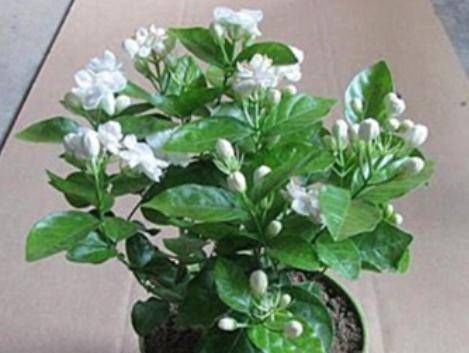 茉莉花这么养,枝叶繁茂四季绿,花开爆盆,满屋飘香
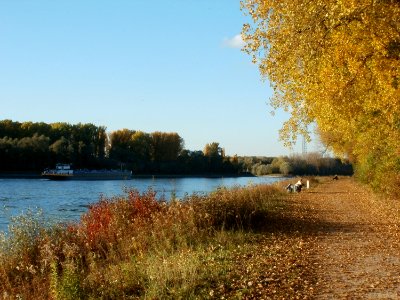 20111026Rhein_Bruehl7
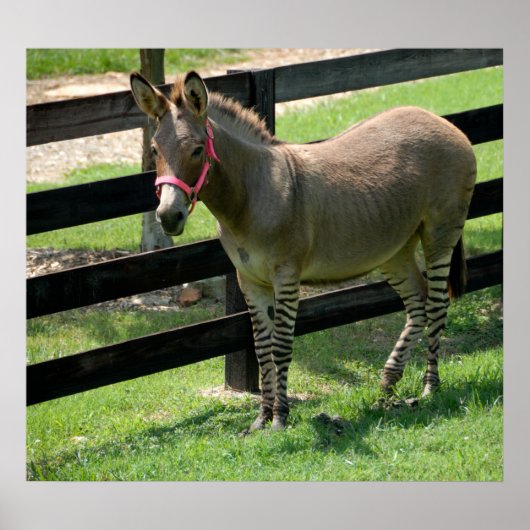 Zonkey-Name für Esel und Zebra-Mischung Poster (Vorne)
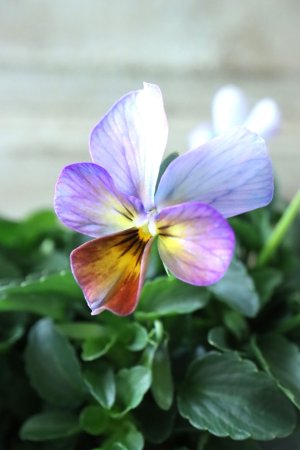 画像2: ゲブラさんの八ヶ岳ビオラ "ミステリアス アマゾネス" No.89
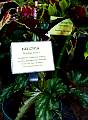 20000529-61-Begonia.jpg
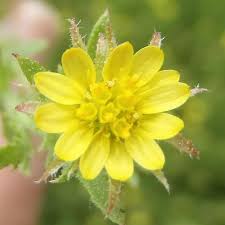 Image result for Osteospermum muricatum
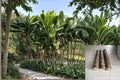 Hawaiian Green Ti Leaf Cuttings 6" Unrooted Starter Logs Cordyline fruticosa Tropical Evergreen Shrub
----
### Activity
From the line that includes "20111026Rhein_Bruehl7" on down to the last line of the entries above, set down each line exactly, leaving out the pictures.

### Solution below
 20111026Rhein_Bruehl7
 Zonkey-Name für Esel und Zebra-Mischung Poster (Vorne)
 画像2: ゲブラさんの八ヶ岳ビオラ "ミステリアス アマゾネス" No.89
 20000529-61-Begonia.jpg
 Image result for Osteospermum muricatum
 Hawaiian Green Ti Leaf Cuttings 6" Unrooted Starter Logs Cordyline fruticosa Tropical Evergreen Shrub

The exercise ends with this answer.